Apart from public message areas, some BBSes provided archives of files, personal electronic mail, and other services of interest, managed by a system operator (sysop).[1]


The term comes from physical pieces of corkboard on which people traditionally pinned messages written on paper for informational exchange - a "physical bulletin board". Ward Christensen, the programmer and operator of the first BBS (which went online on February 16, 1978) called it a CBBS for "computer bulletin board system". Since the rise of the World Wide Web, the term has become antiquated, though the concept has remained popular, with many websites featuring discussion areas where users can post messages for public consumption.

Thousands of BBSes around the world were run from amateurs' homes, each running on a single modem line typically connected to a MS-DOS PC, though many were also run from Macs and Apple II series computers.

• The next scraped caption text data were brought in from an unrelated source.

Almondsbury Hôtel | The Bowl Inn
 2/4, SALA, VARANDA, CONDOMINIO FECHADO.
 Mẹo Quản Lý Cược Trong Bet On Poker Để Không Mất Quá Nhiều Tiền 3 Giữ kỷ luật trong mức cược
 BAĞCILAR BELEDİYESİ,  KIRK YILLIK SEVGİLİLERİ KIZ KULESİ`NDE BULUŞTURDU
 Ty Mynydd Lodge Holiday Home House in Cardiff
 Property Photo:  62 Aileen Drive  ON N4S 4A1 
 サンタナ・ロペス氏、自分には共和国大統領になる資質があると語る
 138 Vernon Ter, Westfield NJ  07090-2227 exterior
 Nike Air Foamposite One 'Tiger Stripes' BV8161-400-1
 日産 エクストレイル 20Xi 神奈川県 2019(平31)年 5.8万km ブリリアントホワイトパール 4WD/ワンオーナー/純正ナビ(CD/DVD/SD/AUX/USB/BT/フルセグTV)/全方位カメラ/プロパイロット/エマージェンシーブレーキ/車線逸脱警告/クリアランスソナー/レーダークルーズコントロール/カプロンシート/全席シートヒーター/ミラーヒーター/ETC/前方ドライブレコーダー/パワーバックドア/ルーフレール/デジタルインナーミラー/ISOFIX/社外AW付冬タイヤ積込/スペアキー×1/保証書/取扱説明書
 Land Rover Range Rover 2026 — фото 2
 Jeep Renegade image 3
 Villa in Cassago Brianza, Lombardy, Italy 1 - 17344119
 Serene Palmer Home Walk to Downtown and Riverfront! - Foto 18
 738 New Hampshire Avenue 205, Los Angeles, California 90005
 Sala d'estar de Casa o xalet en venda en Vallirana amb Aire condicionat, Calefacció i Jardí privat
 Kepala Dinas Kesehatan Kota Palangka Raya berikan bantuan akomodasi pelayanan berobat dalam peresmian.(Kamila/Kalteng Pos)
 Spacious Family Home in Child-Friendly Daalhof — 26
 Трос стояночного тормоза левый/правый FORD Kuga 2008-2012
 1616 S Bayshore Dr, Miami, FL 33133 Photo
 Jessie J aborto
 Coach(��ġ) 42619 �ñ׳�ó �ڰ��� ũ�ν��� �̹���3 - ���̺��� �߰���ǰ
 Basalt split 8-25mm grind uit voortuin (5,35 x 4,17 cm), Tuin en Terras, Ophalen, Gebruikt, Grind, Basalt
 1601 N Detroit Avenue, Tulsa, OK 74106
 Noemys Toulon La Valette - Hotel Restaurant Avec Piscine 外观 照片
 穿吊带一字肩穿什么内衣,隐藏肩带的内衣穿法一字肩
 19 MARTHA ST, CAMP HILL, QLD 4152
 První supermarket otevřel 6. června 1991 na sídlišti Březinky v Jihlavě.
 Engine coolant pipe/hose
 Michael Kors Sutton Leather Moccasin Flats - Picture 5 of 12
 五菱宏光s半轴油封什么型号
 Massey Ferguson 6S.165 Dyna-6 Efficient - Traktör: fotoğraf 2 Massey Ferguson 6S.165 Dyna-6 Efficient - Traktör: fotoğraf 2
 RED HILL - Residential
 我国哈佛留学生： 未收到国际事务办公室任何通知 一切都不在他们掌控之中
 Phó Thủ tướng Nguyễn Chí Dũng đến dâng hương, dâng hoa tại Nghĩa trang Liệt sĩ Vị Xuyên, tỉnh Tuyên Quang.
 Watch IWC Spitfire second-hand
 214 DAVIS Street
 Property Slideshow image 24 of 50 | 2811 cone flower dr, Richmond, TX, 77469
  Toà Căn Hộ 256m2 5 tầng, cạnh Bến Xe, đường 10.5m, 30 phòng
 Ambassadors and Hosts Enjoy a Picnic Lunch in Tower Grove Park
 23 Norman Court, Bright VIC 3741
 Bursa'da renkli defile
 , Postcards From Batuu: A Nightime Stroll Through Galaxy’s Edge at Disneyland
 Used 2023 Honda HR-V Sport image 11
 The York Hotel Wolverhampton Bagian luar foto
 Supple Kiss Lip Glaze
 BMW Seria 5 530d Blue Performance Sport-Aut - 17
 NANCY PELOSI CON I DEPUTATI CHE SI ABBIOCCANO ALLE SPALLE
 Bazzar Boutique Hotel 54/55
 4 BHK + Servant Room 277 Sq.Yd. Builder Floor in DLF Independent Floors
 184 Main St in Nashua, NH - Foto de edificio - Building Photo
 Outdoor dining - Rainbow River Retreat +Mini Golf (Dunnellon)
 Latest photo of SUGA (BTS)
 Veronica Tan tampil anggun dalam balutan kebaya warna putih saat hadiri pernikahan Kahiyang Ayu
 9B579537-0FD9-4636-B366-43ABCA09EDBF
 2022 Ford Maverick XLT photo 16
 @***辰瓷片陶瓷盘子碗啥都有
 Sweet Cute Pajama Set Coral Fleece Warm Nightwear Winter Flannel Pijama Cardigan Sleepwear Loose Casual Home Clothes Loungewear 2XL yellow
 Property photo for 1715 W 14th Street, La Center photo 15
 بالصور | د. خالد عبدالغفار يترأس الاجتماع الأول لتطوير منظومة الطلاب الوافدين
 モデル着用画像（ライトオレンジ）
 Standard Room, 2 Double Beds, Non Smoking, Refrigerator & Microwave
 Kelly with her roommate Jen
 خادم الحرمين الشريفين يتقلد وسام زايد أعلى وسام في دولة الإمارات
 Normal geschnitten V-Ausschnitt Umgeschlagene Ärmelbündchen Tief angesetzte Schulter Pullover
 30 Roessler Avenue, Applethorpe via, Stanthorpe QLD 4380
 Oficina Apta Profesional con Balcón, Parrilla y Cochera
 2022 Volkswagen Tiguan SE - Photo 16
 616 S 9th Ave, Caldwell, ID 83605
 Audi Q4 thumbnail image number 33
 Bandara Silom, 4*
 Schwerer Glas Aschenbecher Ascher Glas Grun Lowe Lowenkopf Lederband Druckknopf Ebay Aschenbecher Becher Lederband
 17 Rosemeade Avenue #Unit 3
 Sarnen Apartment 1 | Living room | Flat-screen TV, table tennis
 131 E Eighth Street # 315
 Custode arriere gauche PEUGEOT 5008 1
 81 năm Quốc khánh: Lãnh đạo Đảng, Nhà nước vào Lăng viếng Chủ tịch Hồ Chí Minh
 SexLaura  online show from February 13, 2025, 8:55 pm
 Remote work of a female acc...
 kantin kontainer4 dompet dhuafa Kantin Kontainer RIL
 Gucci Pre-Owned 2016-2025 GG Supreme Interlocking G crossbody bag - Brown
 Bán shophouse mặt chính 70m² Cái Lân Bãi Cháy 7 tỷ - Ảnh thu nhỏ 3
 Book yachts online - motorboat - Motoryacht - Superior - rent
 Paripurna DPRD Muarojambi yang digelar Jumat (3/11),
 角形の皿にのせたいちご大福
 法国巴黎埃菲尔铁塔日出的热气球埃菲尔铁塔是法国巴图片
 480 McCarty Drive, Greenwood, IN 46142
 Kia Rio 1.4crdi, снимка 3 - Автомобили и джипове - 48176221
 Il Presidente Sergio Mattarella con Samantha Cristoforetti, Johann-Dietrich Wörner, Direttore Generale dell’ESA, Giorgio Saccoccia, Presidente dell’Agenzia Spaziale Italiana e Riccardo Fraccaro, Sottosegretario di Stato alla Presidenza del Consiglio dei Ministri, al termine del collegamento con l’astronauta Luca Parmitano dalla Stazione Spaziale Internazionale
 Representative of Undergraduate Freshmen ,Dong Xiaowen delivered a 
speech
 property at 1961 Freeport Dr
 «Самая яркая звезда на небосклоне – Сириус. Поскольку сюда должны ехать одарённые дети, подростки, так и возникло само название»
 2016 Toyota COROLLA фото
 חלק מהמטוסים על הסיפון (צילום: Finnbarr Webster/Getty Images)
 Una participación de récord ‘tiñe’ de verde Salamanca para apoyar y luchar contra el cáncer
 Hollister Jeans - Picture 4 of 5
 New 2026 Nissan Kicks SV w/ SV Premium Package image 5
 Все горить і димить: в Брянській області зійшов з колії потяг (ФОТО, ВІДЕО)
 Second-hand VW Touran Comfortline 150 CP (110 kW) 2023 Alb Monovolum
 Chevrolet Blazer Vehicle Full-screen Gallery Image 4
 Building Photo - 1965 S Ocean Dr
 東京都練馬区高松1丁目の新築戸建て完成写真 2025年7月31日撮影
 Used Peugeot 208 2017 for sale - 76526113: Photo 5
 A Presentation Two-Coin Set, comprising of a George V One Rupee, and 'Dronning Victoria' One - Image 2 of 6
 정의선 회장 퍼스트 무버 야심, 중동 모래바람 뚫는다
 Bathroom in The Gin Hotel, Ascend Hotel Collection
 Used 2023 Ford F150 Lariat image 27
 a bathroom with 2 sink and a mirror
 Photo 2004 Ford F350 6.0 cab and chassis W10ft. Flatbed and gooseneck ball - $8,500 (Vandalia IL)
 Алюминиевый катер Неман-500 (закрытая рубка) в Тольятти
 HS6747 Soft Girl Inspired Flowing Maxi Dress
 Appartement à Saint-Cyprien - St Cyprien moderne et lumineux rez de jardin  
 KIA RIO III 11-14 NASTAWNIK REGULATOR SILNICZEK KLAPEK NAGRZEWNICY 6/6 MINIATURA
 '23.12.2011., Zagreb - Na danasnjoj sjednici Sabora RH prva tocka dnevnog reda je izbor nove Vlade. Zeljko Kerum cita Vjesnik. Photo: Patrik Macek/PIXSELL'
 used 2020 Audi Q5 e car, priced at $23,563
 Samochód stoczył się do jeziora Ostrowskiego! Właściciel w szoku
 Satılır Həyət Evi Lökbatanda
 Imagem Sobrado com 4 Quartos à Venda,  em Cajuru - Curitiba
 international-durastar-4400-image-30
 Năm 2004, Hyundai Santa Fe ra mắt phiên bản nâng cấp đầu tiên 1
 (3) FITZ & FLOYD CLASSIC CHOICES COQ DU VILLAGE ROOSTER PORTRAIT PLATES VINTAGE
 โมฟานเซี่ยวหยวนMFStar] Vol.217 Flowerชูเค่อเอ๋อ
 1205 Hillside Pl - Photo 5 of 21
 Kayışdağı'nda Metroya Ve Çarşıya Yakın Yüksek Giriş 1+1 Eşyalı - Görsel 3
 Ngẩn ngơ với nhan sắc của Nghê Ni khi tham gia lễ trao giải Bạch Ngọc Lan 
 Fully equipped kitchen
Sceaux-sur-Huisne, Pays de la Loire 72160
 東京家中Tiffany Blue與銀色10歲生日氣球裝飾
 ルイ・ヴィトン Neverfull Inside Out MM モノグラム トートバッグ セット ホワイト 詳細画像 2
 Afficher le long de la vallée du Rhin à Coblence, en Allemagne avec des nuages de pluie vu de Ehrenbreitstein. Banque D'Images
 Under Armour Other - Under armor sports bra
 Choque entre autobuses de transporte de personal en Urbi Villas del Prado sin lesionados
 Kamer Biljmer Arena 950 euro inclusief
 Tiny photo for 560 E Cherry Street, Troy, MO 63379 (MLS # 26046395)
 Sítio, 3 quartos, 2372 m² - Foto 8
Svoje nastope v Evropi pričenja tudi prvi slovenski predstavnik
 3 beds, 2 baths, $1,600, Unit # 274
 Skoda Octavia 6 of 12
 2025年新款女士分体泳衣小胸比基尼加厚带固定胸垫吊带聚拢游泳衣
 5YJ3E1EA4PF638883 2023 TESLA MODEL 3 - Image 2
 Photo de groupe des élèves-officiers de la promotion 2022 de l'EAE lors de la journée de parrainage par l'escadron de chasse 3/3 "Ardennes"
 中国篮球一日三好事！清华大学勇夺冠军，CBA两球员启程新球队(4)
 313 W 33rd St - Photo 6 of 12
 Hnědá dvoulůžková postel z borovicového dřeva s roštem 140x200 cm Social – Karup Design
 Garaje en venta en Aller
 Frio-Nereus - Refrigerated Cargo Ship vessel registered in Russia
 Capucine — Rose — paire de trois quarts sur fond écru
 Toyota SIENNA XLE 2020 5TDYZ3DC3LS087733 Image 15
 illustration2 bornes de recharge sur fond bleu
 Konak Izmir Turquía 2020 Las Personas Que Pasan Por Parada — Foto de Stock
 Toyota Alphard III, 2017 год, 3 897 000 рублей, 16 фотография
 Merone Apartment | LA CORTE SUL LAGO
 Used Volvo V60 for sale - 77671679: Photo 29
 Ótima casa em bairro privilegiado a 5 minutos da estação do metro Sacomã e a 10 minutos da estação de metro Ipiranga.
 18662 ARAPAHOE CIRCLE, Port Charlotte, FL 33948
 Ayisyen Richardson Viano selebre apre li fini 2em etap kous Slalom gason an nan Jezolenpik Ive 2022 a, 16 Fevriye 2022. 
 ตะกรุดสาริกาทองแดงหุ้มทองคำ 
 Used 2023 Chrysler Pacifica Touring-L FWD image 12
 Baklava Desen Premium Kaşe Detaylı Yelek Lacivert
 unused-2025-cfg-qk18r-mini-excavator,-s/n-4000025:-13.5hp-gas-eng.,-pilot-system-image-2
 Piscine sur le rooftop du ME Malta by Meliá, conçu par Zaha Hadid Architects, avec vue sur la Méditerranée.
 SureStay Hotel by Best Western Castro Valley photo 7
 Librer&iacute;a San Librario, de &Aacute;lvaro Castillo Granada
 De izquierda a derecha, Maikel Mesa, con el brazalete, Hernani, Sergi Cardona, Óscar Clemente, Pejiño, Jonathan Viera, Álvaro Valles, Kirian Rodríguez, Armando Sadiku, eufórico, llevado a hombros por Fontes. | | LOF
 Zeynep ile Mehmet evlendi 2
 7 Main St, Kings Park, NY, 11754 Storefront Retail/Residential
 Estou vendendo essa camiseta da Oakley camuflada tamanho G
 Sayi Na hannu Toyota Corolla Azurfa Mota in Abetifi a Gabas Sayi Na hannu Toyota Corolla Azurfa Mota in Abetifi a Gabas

Although BBSes were traditionally the domain of hobbyists, many connected directly to the Internet (accessed via telnet), others were operated by government, educational, and research institutions.[1] Apple Computer's internal BBS, AppleLink, played a part in the rise of America Online as the largest dial-up online service provider in the 1990s.[2]


Fans of Usenet or the big commercial time-sharing bboards such as CompuServe, CIX and GEnie tended to consider local BBSes the lower rung of the hacker culture, but they helped connect hackers and microcomputer hobbyists and let them exchange code. Confusing this term for a Usenet newsgroup generally marked one either as a newbie fresh in from the BBS world or as a real old-timer predating Usenet.[1]